Closed aravindhank11 closed 5 months ago
Hello! Thanks for your interest in Orion!
Can you please mention what is your PyTorch and CUDA version? PyTorch/CUDA version affects the number of kernels you have, and their profiles.
Could you also please try the '/root/orion/benchmarking/model_kernels/mobilenetv2_4_fwd' example? You can have sth like:
{ "arch": "mobilenet_v2", "kernel_file": "/root/orion/benchmarking/model_kernels/mobilenetv2_4_fwd", "num_kernels": 152, "num_iters": 12000, "args": { "model_name": "mobilenet_v2", "batchsize": 4, "rps": 40, "uniform": false, "dummy_data": true, "train": false } }
Thank you for the quick turn around, @fotstrt
I am using the provided docker container. So my versions are:
>>> import torch
>>> print(torch.__version__)
1.12.0a0+git67ece03
# nvcc --version
nvcc: NVIDIA (R) Cuda compiler driver
Copyright (c) 2005-2019 NVIDIA Corporation
Built on Wed_Oct_23_19:24:38_PDT_2019
Cuda compilation tools, release 10.2, V10.2.89
Further, I can confirm that using the following config works:
[
{
"arch": "mobilenet_v2",
"kernel_file": "/root/orion/benchmarking/model_kernels/mobilenetv2_4_fwd",
"num_kernels": 152,
"num_iters": 100,
"args": {
"model_name": "mobilenet_v2",
"batchsize": 4,
"rps": 30,
"uniform": true,
"dummy_data": true,
"train": false
}
}
]
Is there any reason why /root/orion/benchmarking/model_kernels/mobilenetv2_32_fwd did not work?
Hi! Thanks for checking!
Yes, unfortunately, the specific configuration file might have been misplaced since we don't use it anywhere (and forgot to remove it during cleanup). I will try to do a cleanup and remove/replace files accordingly asap. Also, if you want to profile your own models, please find instructions here: https://github.com/eth-easl/orion/blob/main/PROFILE.md.
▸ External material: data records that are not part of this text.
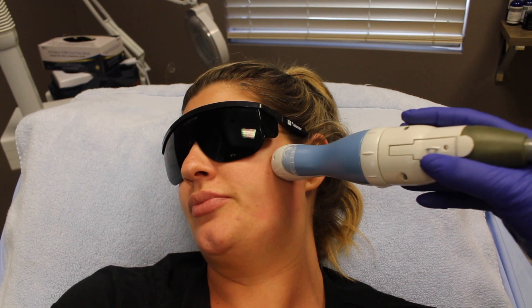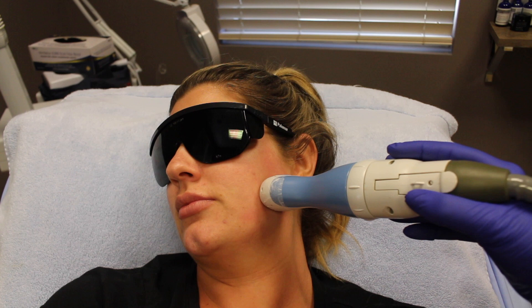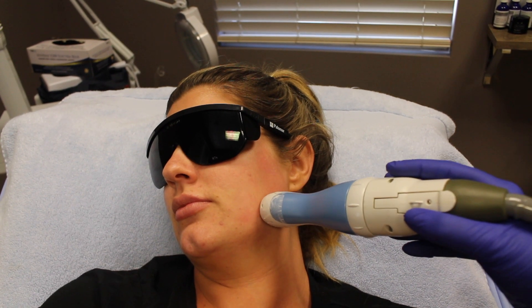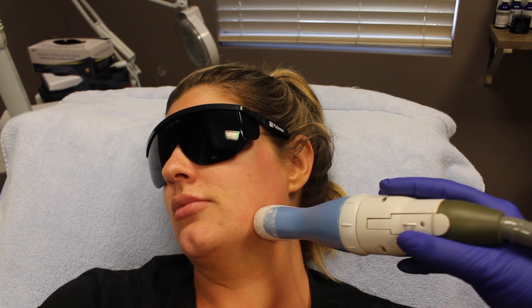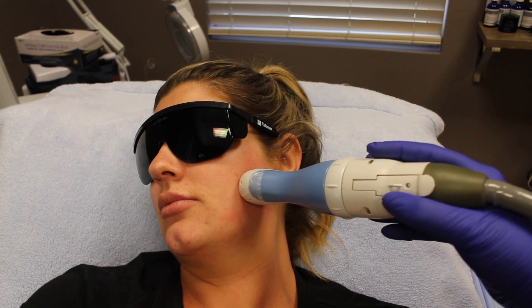It's got some bite to it, but it's bearable — yeah, it's not too bad. Oh, it's got some heat.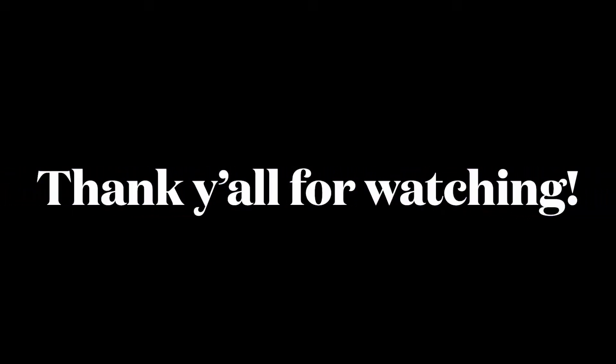Thank you all for watching! Let me know in the comments what you particularly enjoyed.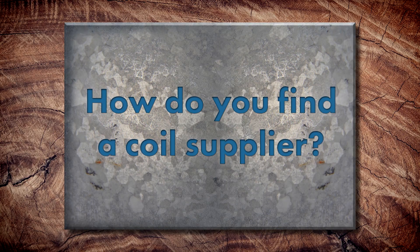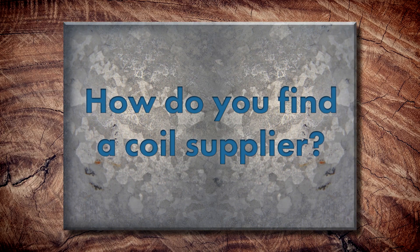So if someone buys a roll former they're going to need coil. How do they find a coil supplier? What's that process like? You've got to figure out what your market is. There are a number of coil suppliers that just do an SMP-type product, and a number that do just a PVDF product, or a mix of both. We put together an East Coast list and a West Coast list on our blog about good suppliers for PVDF finished coil throughout the country — that's a great starting point. But it really boils down to somebody's market.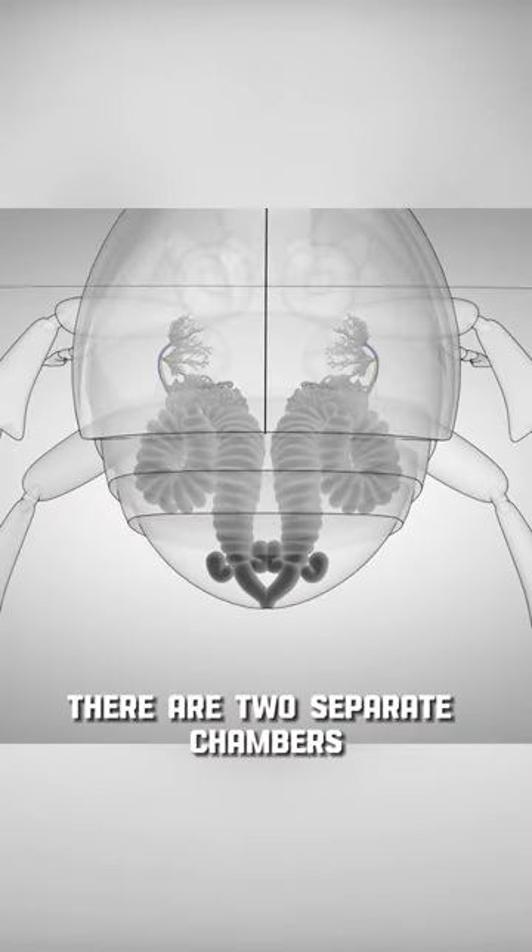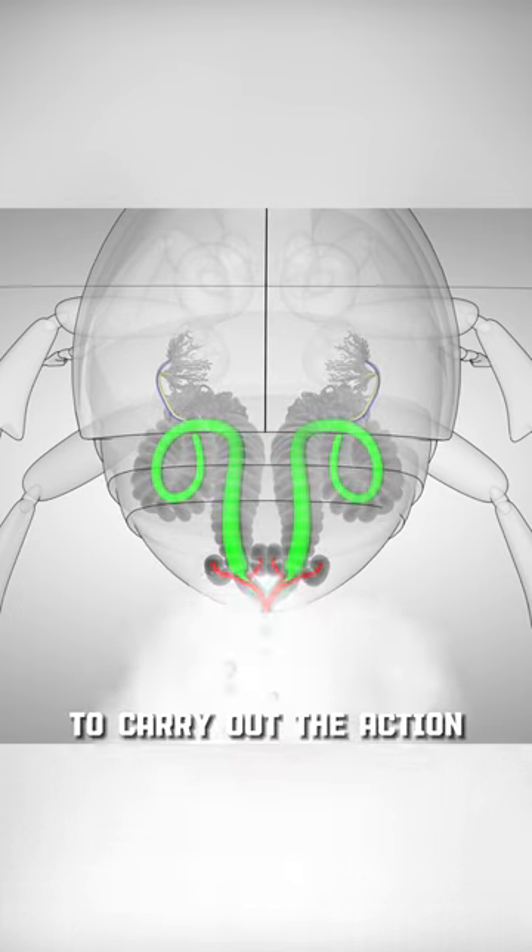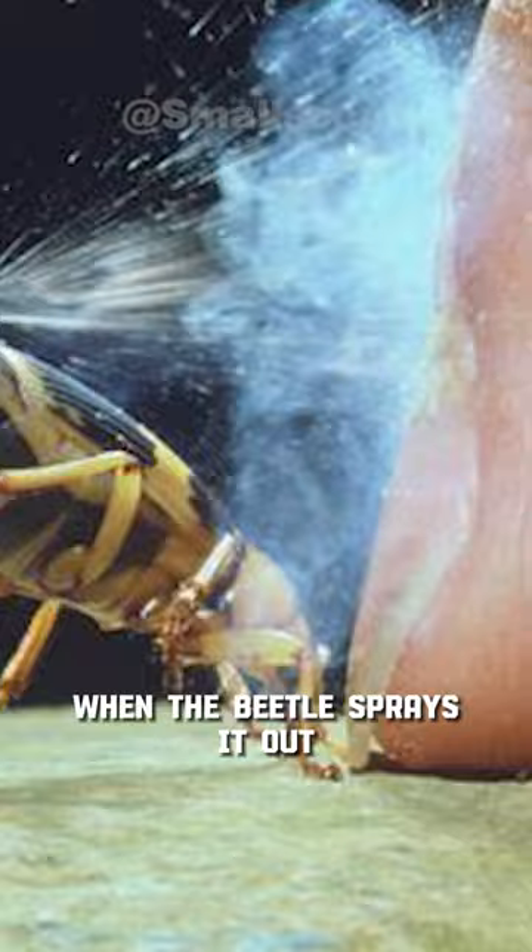In the belly of the Bombardier Beetle, there are two separate chambers filled with chemicals. To carry out the action, the two chemical liquids will mix when the beetle sprays it out. When that happens, the liquid joins and becomes a very hot liquid.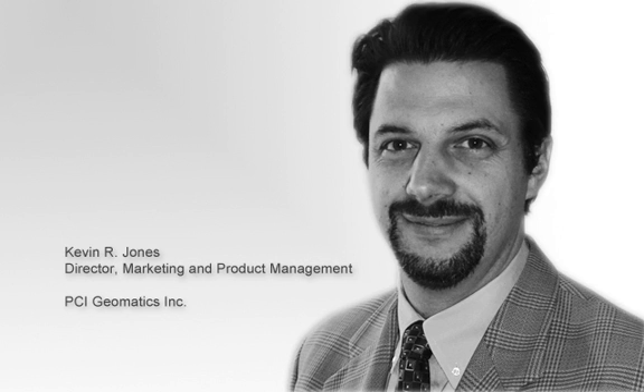That's great. Thank you very much for joining us today. Thank you, David. It was great talking to you. And this is David Heller, and our guest today was Kevin Jones, Director of Marketing and Product Management for PCI Geomatics.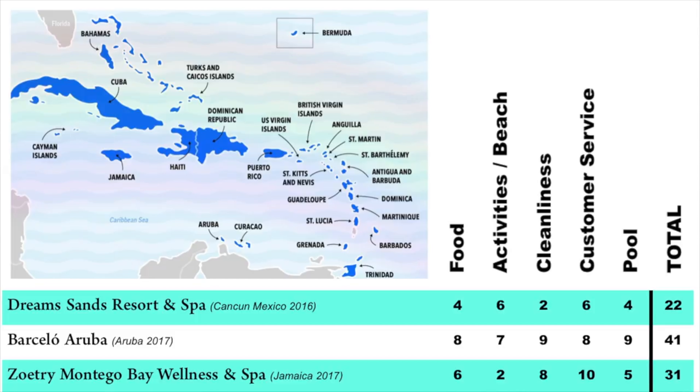Overall, Zotry Montego Bay Wellness Resort and Spa got a 31 out of 50. It's a nice resort for relaxation. I'm not going to say that this was a horrible resort, because there is a certain type of person that likes a resort like this — someone who just wants to get away and take the weight off their shoulders. We look forward to coming back to Jamaica. We'll probably try a different hotel and are not sure if we would come back to this exact one.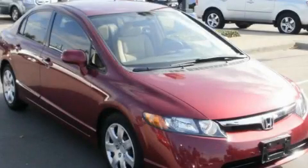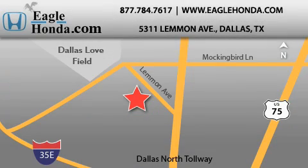This vehicle is sure to sell fast. Call and arrange your test drive today. We are located at 5311 Lemon Avenue in Dallas. Our goal is to exceed all of your expectations to ensure that you will return for future visits.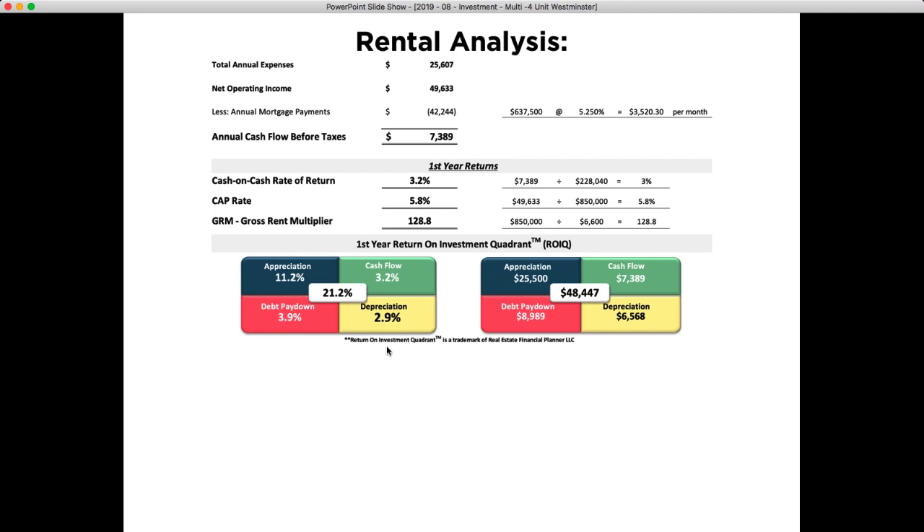Moving to the next tab of the spreadsheet for the rental analysis: my total annual expenses are about $25,000. That leaves a net operating income of just under $50,000. After the debt payment, annual cash flow before taxes is about $7,500. That gives me a 3.2% cash-on-cash return and a 5.8% cap rate. I'm more of a cap rate person, so having a rehab multi-unit at a high-five cap rate is a really good deal in the current market. I was really happy with this property.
Thank you for bringing this to my attention, and apologies for the inconvenience!
Thank you @fotstrt. I did try the steps to profile my model, and I suppose the torch and cuda version I profiled it was different than the one in docker container. So I am repeating the steps now.
But in the process, I am observing that the torch in the container is not compiled with numpy support:
>>> preprocess(Image.open(image_path))
Traceback (most recent call last):
File "<stdin>", line 1, in <module>
File "/vision/torchvision/transforms/transforms.py", line 94, in __call__
img = t(img)
File "/vision/torchvision/transforms/transforms.py", line 134, in __call__
return F.to_tensor(pic)
File "/vision/torchvision/transforms/functional.py", line 164, in to_tensor
img = torch.from_numpy(np.array(pic, mode_to_nptype.get(pic.mode, np.uint8), copy=True))
RuntimeError: PyTorch was compiled without NumPy support
I was using a pre-process function to create batches for inference workload. Since numpy was not available, I examined the codebase of orion which seems to be performing inferences not in batches, but 1 image after the other as in: https://github.com/eth-easl/orion/blob/main/benchmarking/benchmark_suite/train_imagenet.py#L180-L192.
Is this intentional or am I understanding it wrong?
In our experimental setup, we are trying to simplify things to see what is really happening in the GPU, and examine all policies under tight cases where there is not a lot of preprocessing. However, we still use batches, but we prepare the torch tensors like here: https://github.com/eth-easl/orion/blob/main/benchmarking/benchmark_suite/train_imagenet.py#L36 (note that batch size is the first dimension of the tensor).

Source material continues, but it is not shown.